Jo Hammerborg’s Sera and Dano lights
One of several themes that ran through Jo Hammerborg’s work at Fog & Mørup during the 1960s was that his lights were often produced in either two or three different metals or finishes – usually aluminium and copper when just two versions were produced, with brass making up the threesomes.
Examples include the Nova (above) and (below) Diskos and Cylinder pendant lights, Orient table lamps and Lento desks lamps, all in copper, brass and aluminium versions, while the Saturn pendant lamp had just two variants, copper and aluminium (the latter very rarely seen today).
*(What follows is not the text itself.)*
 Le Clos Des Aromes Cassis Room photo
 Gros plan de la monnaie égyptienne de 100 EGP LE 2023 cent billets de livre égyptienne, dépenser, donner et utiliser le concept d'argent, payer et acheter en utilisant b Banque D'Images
An apparent anomaly in this pattern arises, however, with the circular Sera and Dano lights – which seem as if they too should share a single name. Like their Saturn stablemates, one of the pair (the Sera, pictured below) is aluminium with an encircling band that is dark grey on the outside and cerise inside, while other (the Dano, pictured below the Sera) is copper with a black and orange band. Both Sera and Dano have a diameter of 38cm and a height of 10cm, and in fact they are wider, flatter versions of the 30 x 19cm Saturn.
But while the Sera was made in just one version, the Dano does in fact have a little-known and rarely seen sister light – a variant not in colour this time, but in shape. This second Dano is rectangular, measuring 68 x 21.5cm, and is perhaps the reason why the Sera and circular Dano have separate identities.